Verizon Communications and its two unions bogged down yesterday in talks that were aimed at ending a strike by 87,000 telephone workers who walked out Sunday over such issues as pay, job security and the desire to unionize workers in Verizon's wireless communications business.
"Bargaining hit a snag over the issue of movement of work throughout the new Verizon company," the Communications Workers of America said in a statement. "CWA is seeking restrictions on the shifting of work from one area to another in light of the GTE-Bell Atlantic merger."
The CWA said most other key issues also had not been resolved, including the union's ability to organize nonunion workers in the company's rapidly growing Verizon Wireless division. Other unresolved concerns included forced overtime and stressful working conditions for operators and service representatives.
"We've made some good progress," said Verizon spokesman Eric Rabe, "but there are some outstanding issues ... so I don't want to lead anybody to the conclusion that we're on the brink of a settlement."
Jim Spellane, a spokesman for the International Brotherhood of Electrical Workers, which accompanied the CWA on strike, said that "things are getting done."
Talks resumed about 8 a.m. yesterday after a 16-hour session Sunday.

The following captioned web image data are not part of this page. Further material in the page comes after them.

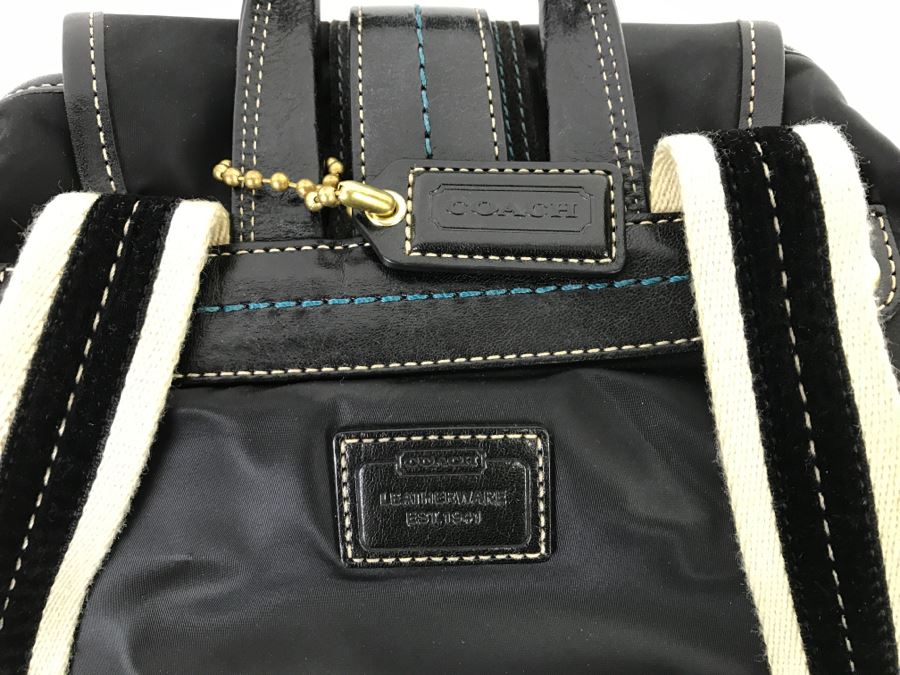 COACH Black Handbag Backpack Like New [Photo 5]
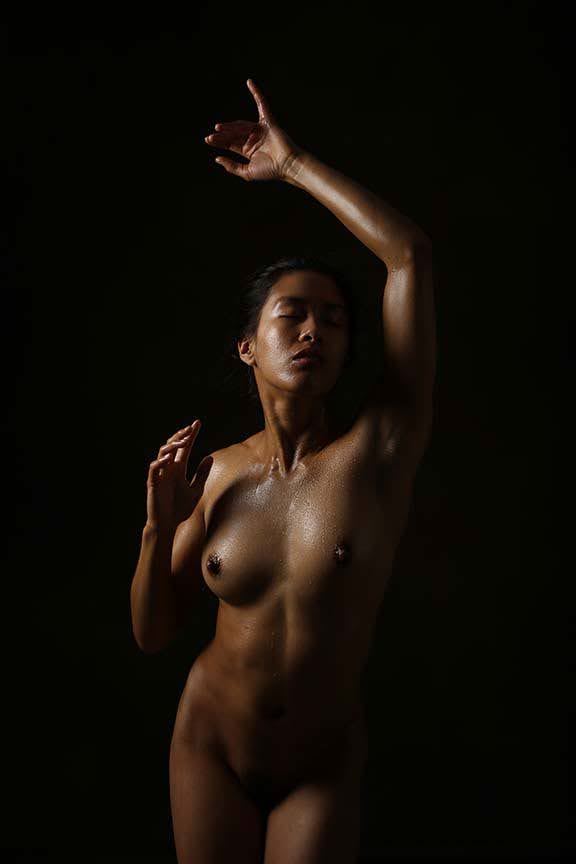 oil on skin artistic nude photo by model ren sakuraba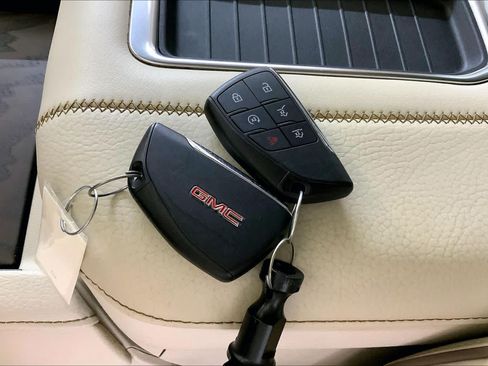 Used 2023 GMC Yukon XL Denali w/ Advanced Technology Package AWD/4WD image 14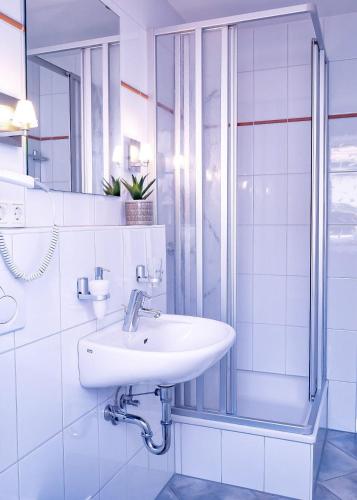 韦斯特兰Flippi-s-Hues-NORD的白色的浴室设有水槽和淋浴。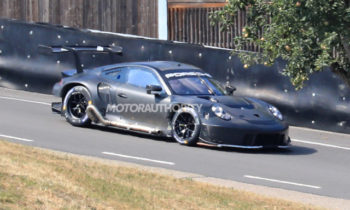 2019 Porsche 911 RSR race car spy shots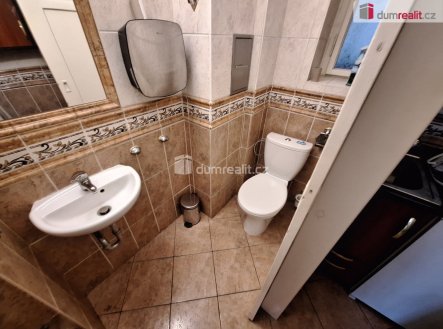 Pronájem kanceláře, 51 m²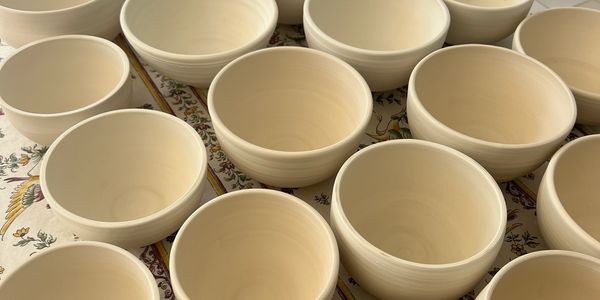 Ceramic pottery bowls made in Honolulu Hawaii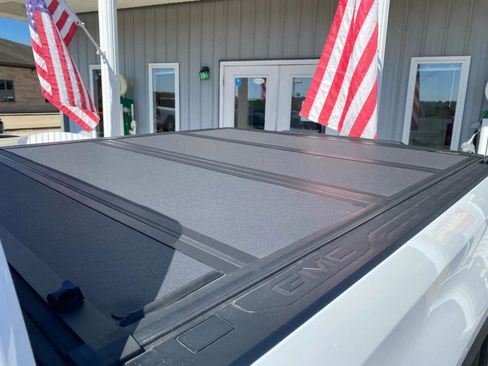 Used 2021 GMC Sierra 1500 AT4 w/ AT4 Premium Package image 36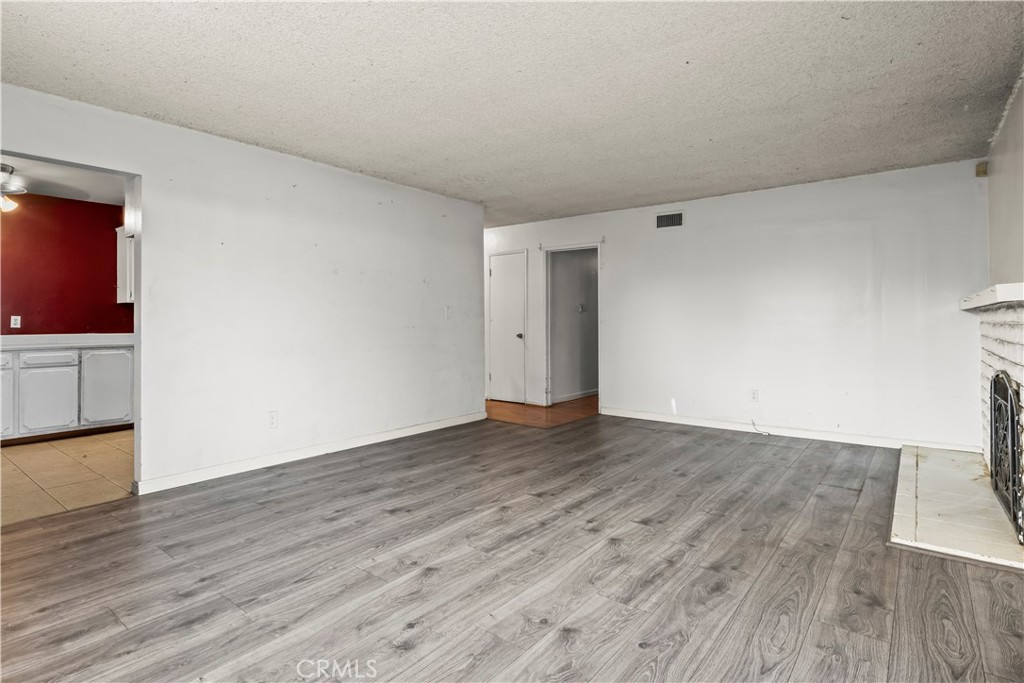 11140 Montlake Drive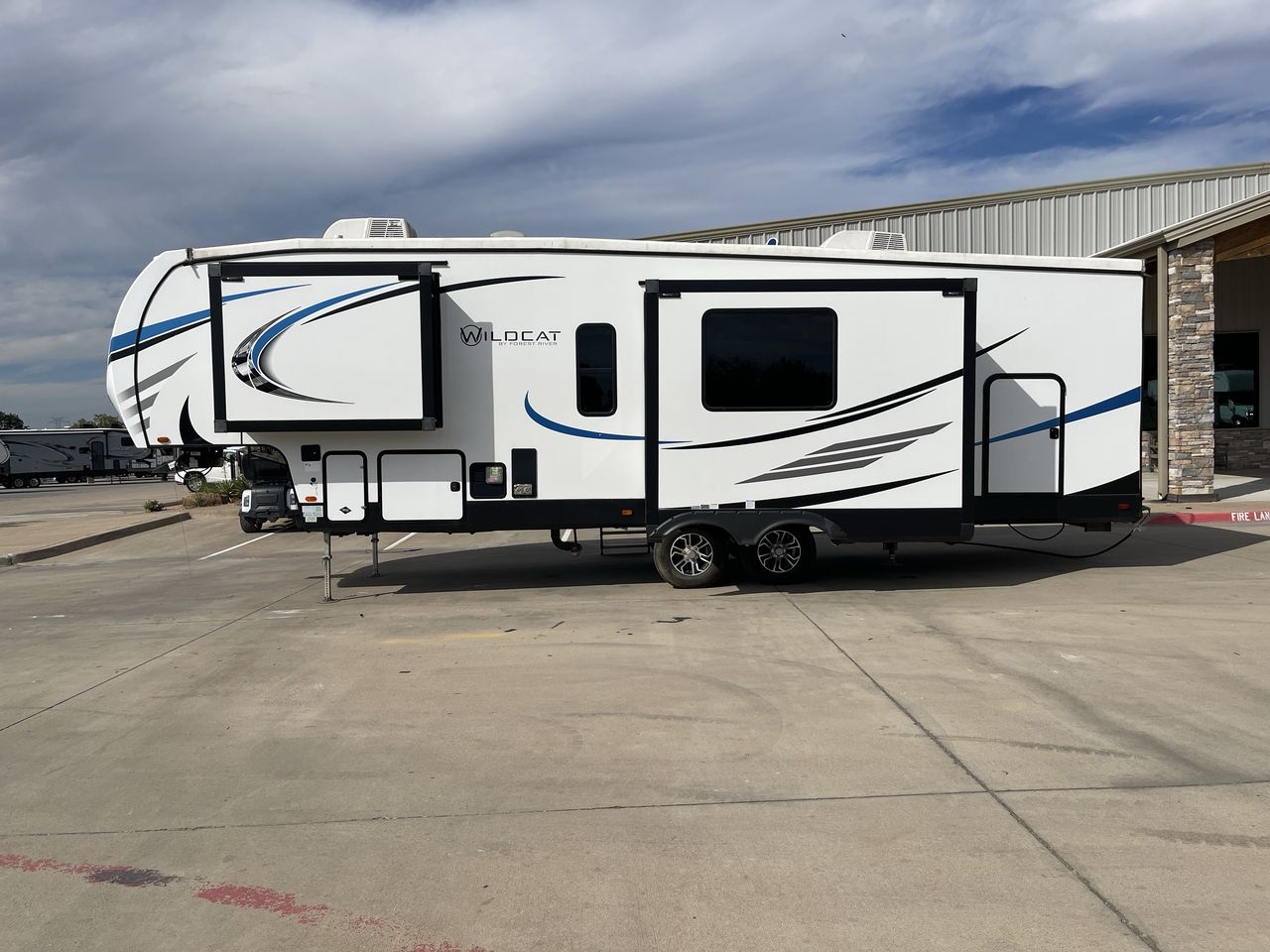 2021 FOREST RIVER WILDCAT 297BH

Negotiators adjourned the talks about 8 p.m. last night.
The 15,000 IBEW employees and the 72,000 CWA workers who went on strike early Sunday morning are employees of the former Bell Atlantic, which serves 25 million customers from Maine to Virginia, including in Maryland. Roughly 8,200 union employees - all with the CWA - work in Maryland, according to Verizon spokeswoman Sandra Arnette.
The New York-based Verizon, the nation's largest telephone company, was formed when Bell Atlantic bought GTE Corp. in June. Overall, it has about 260,000 employees.

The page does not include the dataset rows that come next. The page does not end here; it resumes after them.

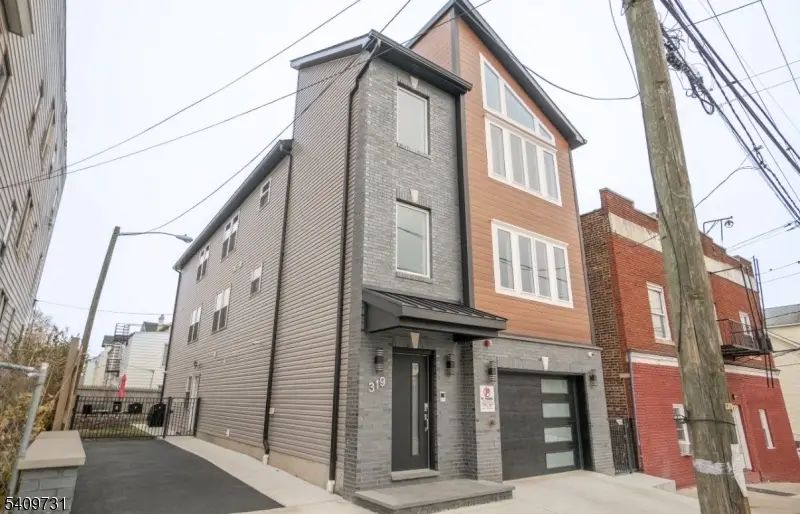 319 Renner Ave, Newark, NJ 07112 - Image #1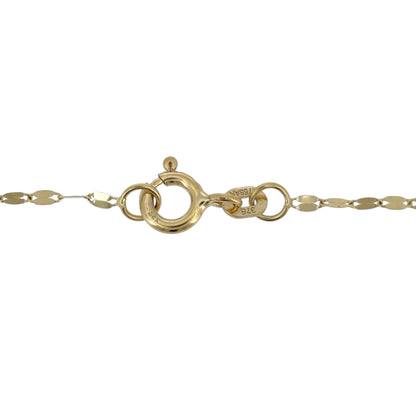 This pre-owned 9ct yellow gold flat circle disc necklace is a distinctive design, featuring linked flat discs with a warm yellow gold finish.
Design: Featuring a series of flat circular disc links, this necklace has a simple yet decorative profile finished in warm 9ct yellow gold.
Material: Made from 9-carat yellow gold.
Chain Detail: The flat circle disc links measure approximately 4mm wide.
Size & Weight: Necklace measures approximately 17 inches long. Total weight 1 gram.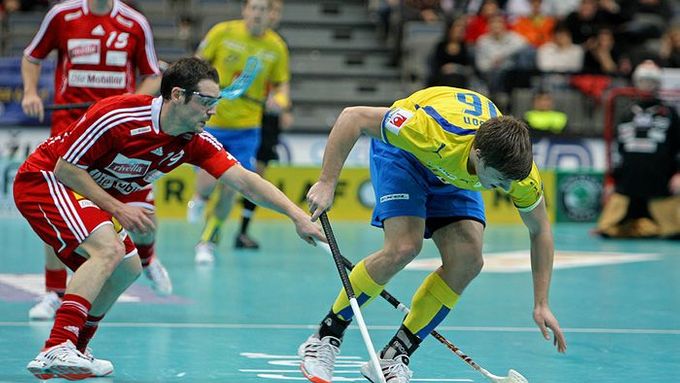 Favorizovaní Švédové o švýcarské florbalisty lehce zakopli. Postup do finále vybojovali až v prodloužení. Na snímku obral o míček Švéda Karl-Johana Nilssona (vpravo) švýcarský kapitán Mathias Hofbauer (vlevo).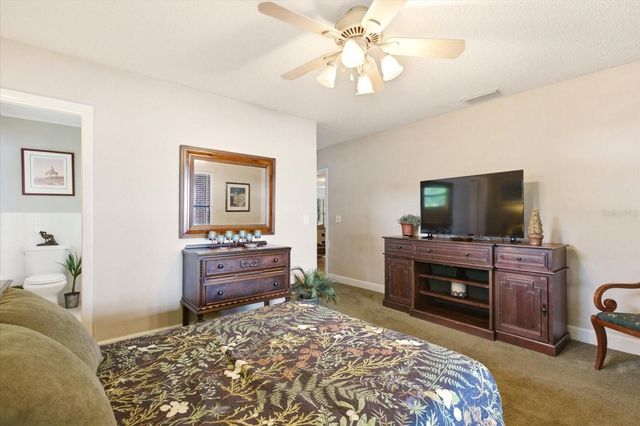 4910 E LAKE DRIVE, Winter Springs, FL 32708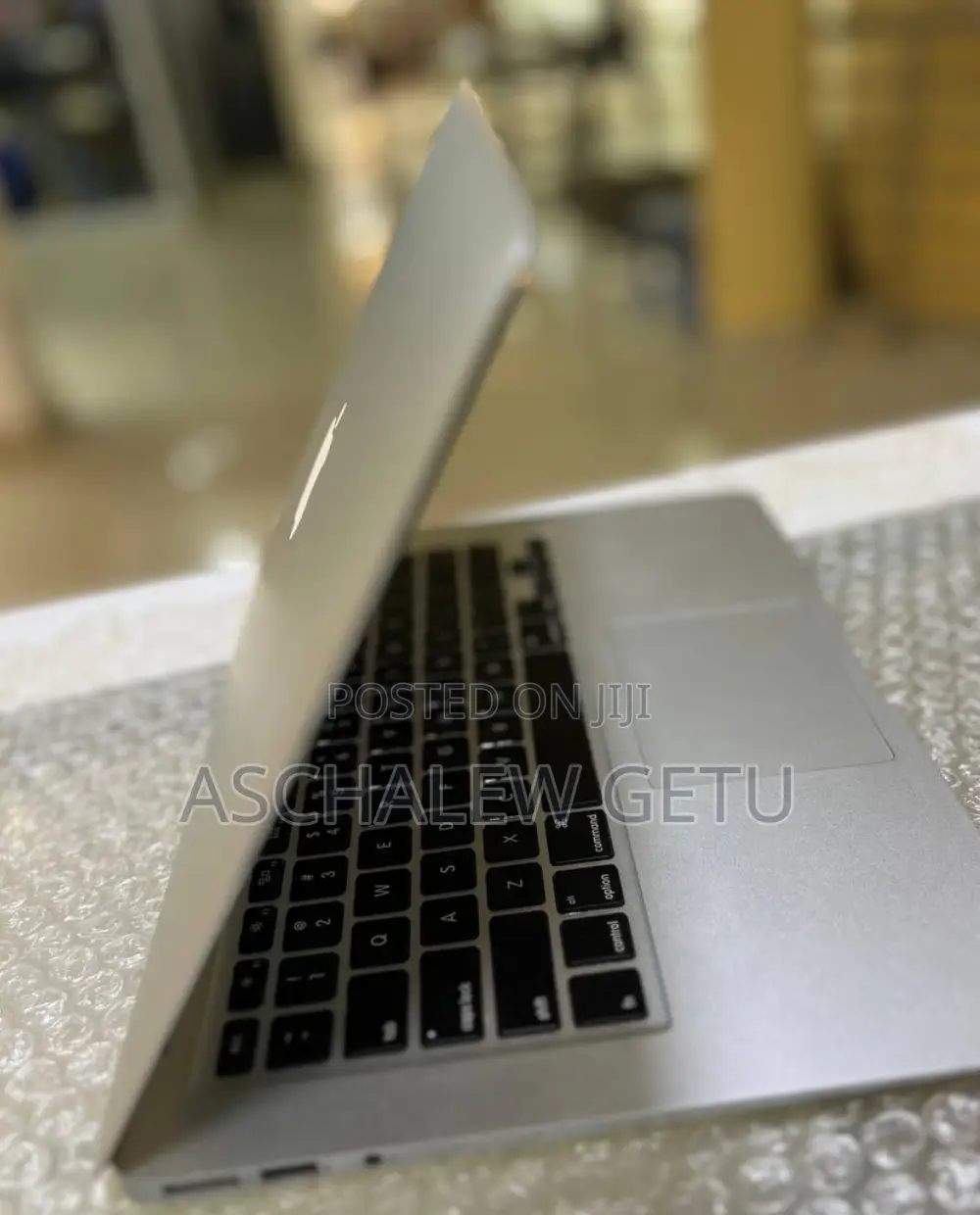 New Laptop Apple MacBook Air 2014 4GB Intel Core I5 SSD 256GB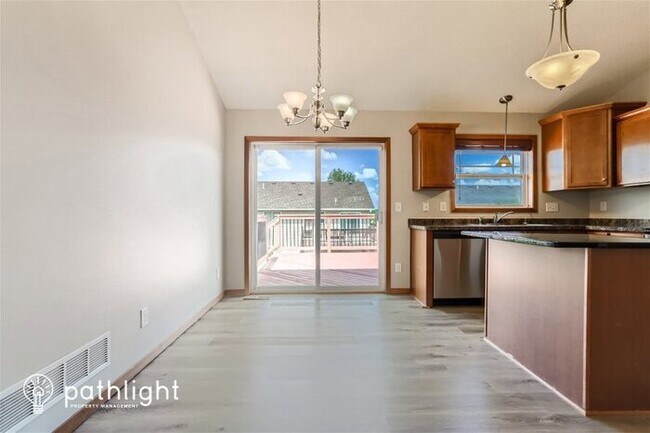 Building Photo - 125 Arabian Ave, Shakopee, MN, 55379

About 14,000 union members picketed more than 540 Verizon facilities yesterday, compared with 6,000 picketers at 300 locations Sunday.
The strike hasn't hindered customers' ability to make phone calls, which are highly automated, said Arnette. Verizon is filling some of the vacant jobs with 30,000 managers. However, the union walkout has led to a virtual shutdown of the "411" directory-assistance service, as well as in long delays fulfilling service requests.
For people such as Jeff Dorsey, these delays made for a frustrating workday yesterday. Dorsey is a sales-and-service specialist for Maryland Telephone, a Towson firm that manages telecommunications systems for such commercial customers as car dealerships and real estate agencies.
When Dorsey's customers experience trouble with the high-speed lines they use for data transmission and Internet traffic, he calls Verizon, orders the repair and shepherds it through. Yesterday, however, the strike meant either long waits on hold or e-mailing Verizon with service requests, with little confidence they would be read and acted on promptly.
"I've been on hold for over an hour," Dorsey said with a rueful laugh.
In 1995, when a previous contract expired, union workers stayed on the job until negotiators from the union and Bell Atlantic were able to reach a new bargaining agreement. On Sunday, however, workers struck as talks proceeded.
Areas of disagreement include typical issues such as pay, benefits and mandatory overtime, and the company's desire to ease the stringent workplace rules that specify which workers may do which jobs.
Union officials say they also are concerned about the difficulty they've had unionizing the Verizon Wireless unit, one of the fastest-growing parts of the company's business. That business, a joint venture with Vodafone PLC of Great Britain, has roughly 50 union members in a work force of 30,000.
Company officials say they are competing against nonunion communications companies, and that's why Verizon has sought highly flexible workplace rules even during informal talks with the union before negotiations officially began June 26, the company said.
Keith Cyphers, a 45-year-old cable-slicing technician who is on strike, said union workers started to ready themselves months ago for a strike, putting their finances in such good order that even a work stoppage of several months shouldn't be too much of a hardship.
"While we hoped they'd settle, we prepared for this," said Cyphers, a father of three who lives in Belcamp, Harford County.
Union workers say they only want to share in their company's success during a period that's the most prosperous - and the most technologically advanced - in the nation's history.
"When you see the CEO getting $20 million in bonuses and salary, and they quibble with us over 3 or 4 percent," workers question the company's commitment to its employees, Cyphers said. "It's a $60 billion company. ... We know the money's there. We just have a modest request, that they give up some for the workers."
Wire services contributed to this article.